« J’aime bien les couchers de soleil… »

 Moi, je ne les aime pas ! Je les déteste parce qu’après, tout de suite après, la nuit tombe. Justement, là, elle est en train de tomber. Je ne peux rien faire pour l’en empêcher. Rien faire pour arrêter le temps. Quand on va sortir, il fera nuit, ou presque. Même si je me dépêche, si je cours tout le long du chemin, le temps que j’arrive au bas des escaliers, il fera même tout à fait nuit.  

« Mais, sur ta si petite planète, il te suffisait de tirer ta chaise de quelques pas. Et tu regardais le crépuscule chaque fois que tu le désirais… »

Moi, je ne ferais pas comme le petit prince.  Si je le pouvais, sur ma planète, je tirerais ma chaise pour pouvoir voir toujours le jour. Je n’aurais plus à surveiller la tombée de la nuit à travers la vitre, plus à courir dès la sonnerie pour la battre de vitesse. Je n’aurais plus peur dans les escaliers.
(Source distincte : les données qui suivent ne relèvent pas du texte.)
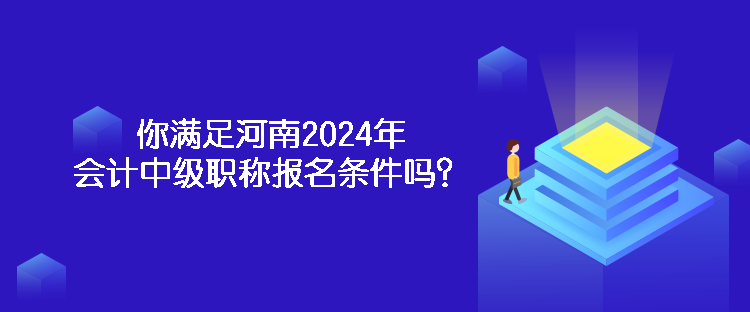 你滿足河南2024年會(huì)計(jì)中級(jí)職稱報(bào)名條件嗎？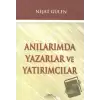 Anılarımda Yazarlar ve Yatırımcılar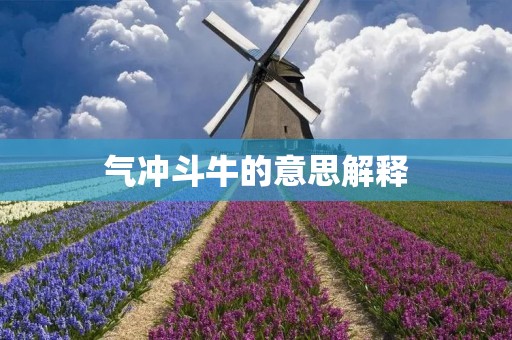 气冲斗牛的意思解释 气冲斗牛的意思解释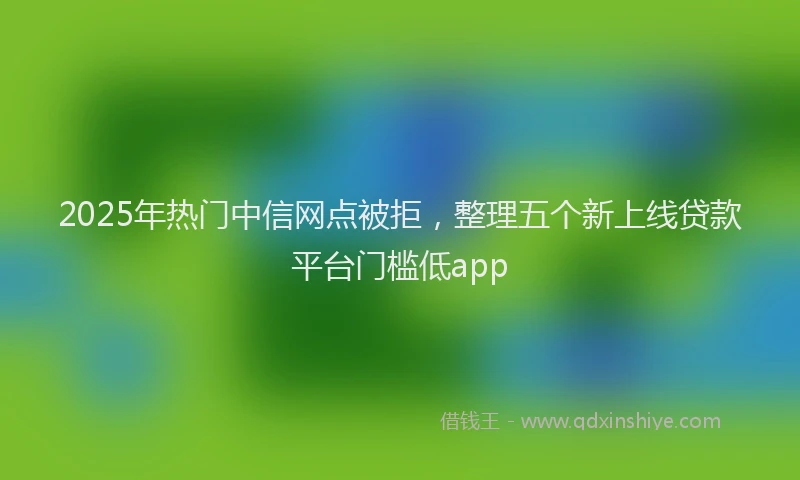 2025年热门中信网点被拒，整理五个新上线贷款平台门槛低app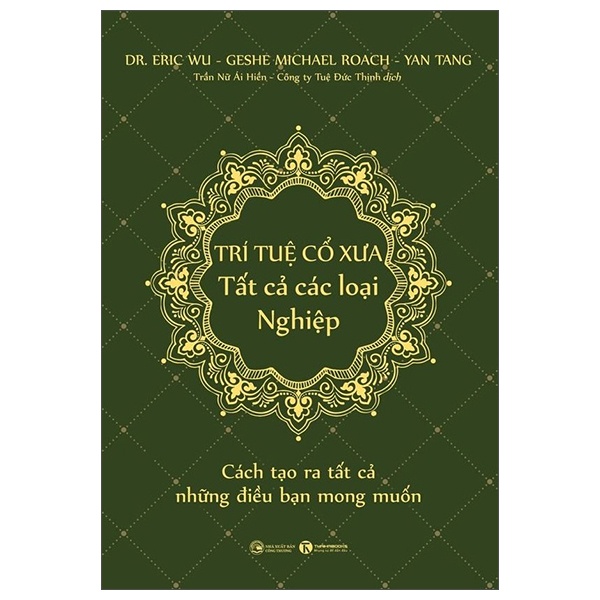 Trí Tuệ Cổ Xưa - Tất Cả Các Loại Nghiệp - Dr. Eric Wu, Geshe Michael Roach, Yan Tang (Mới 100%) Phật giáo, Thái Hà Books - SÁCH ĐẠI HỌC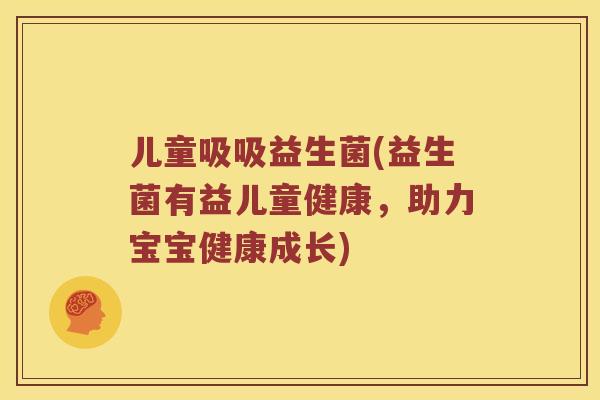 儿童吸吸益生菌(益生菌有益儿童健康,助力宝宝健康成长) 儿童吸吸益生菌(益生菌有益儿童健康,助力宝宝健康成长)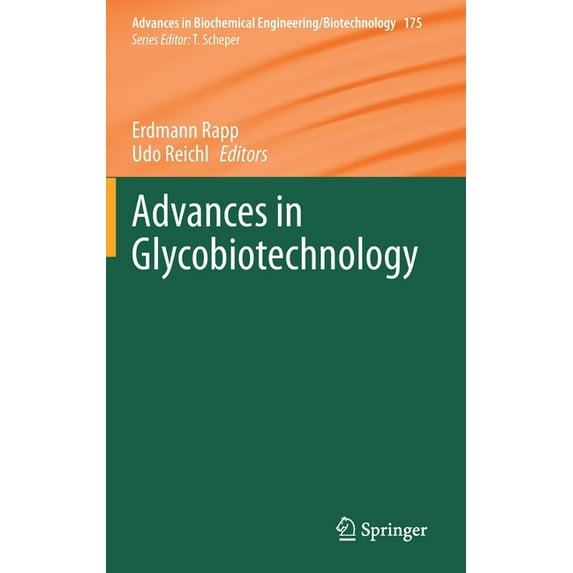 Advances in Biochemical Engineering & Bi Advances in Glycobiotechnology, Book 175, (Hardcover)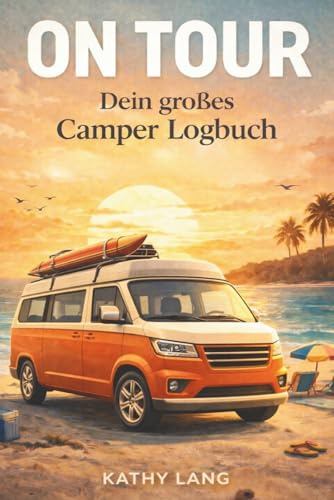 On Tour Dein großes Camper Logbuch - das Reisetagebuch für deine Reisen – trage deine Erlebnisse und schönsten Abenteuer ein – mit viel Platz für ... – perfektes Geschenk für alle Camping Fans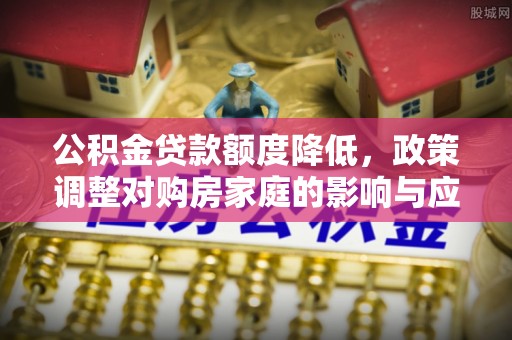 淮上公积金贷款额度降低，政策调整对购房家庭的影响与应对策略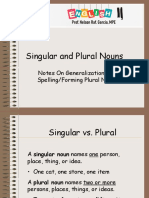 Singular and Plural Nouns: Notes On Generalizations For Spelling/Forming Plural Nouns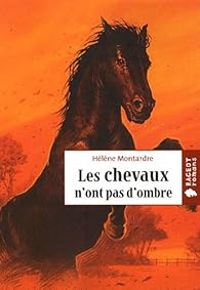 Helene Montardre - Les chevaux n'ont pas d'ombre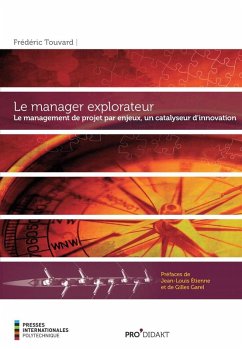 Le manager explorateur (eBook, PDF) - Frederic Touvard, Touvard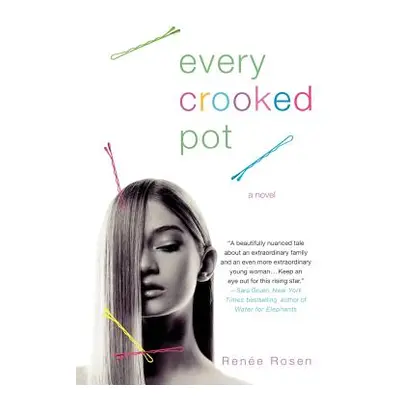 "Every Crooked Pot" - "" ("Rosen Renee")(Paperback)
Enfin peut-être que si, encore un peu, parce que ces escaliers du Lavoir… 

- Leyla ! Je suppose que tu cherches à apercevoir l’astéroïde B 612 ?
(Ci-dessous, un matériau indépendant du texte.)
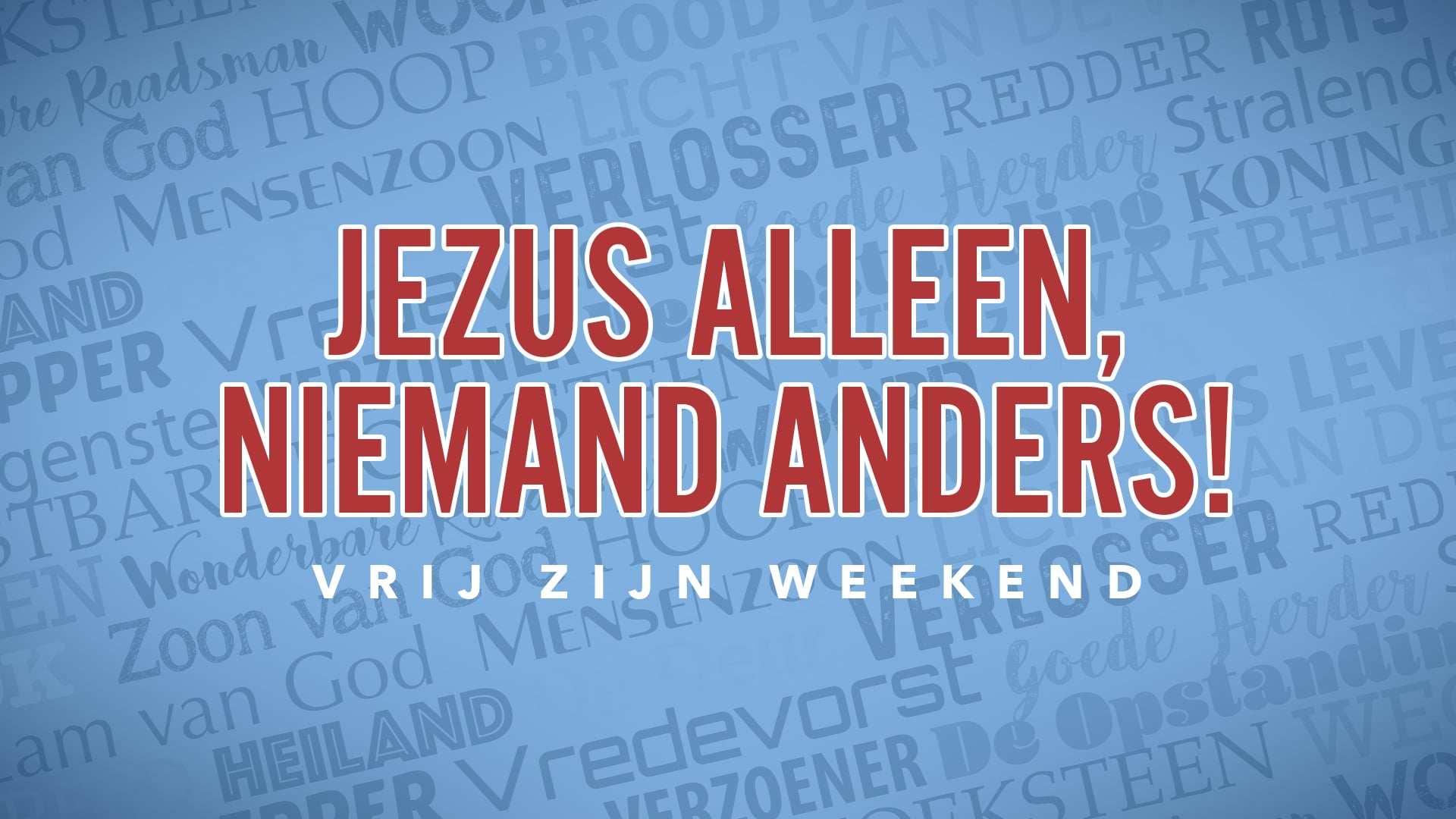 Jezus alleen - niemand anders (complete set) - Vrij Zijn Webshop - Zalig Zijn De Onwetenden Bijbel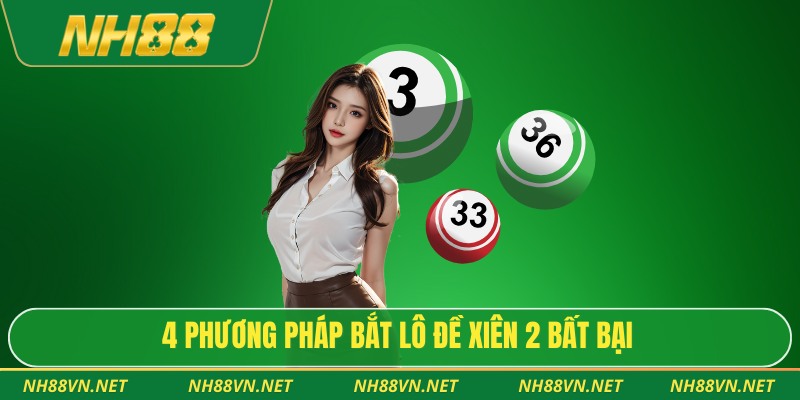 4 phương pháp bắt lô đề xiên 2 bất bại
Je sens que je deviens cramoisie. Mes camarades gloussent. Je les déteste tous. Sauf Babette, ma meilleure copine, la seule à qui je confie mes tourments. J’essaie de suivre mais j’ai la gorge serrée. Je ne peux pas m’empêcher de penser aux escaliers tout noirs. Il y a souvent des hommes assis sur les marches en train de fumer, de boire des bières. Et même du vin. Parfois ils vomissent ou ils urinent dans le recoin. J’ai peur qu’ils me suivent dans le chemin alors je monte en courant.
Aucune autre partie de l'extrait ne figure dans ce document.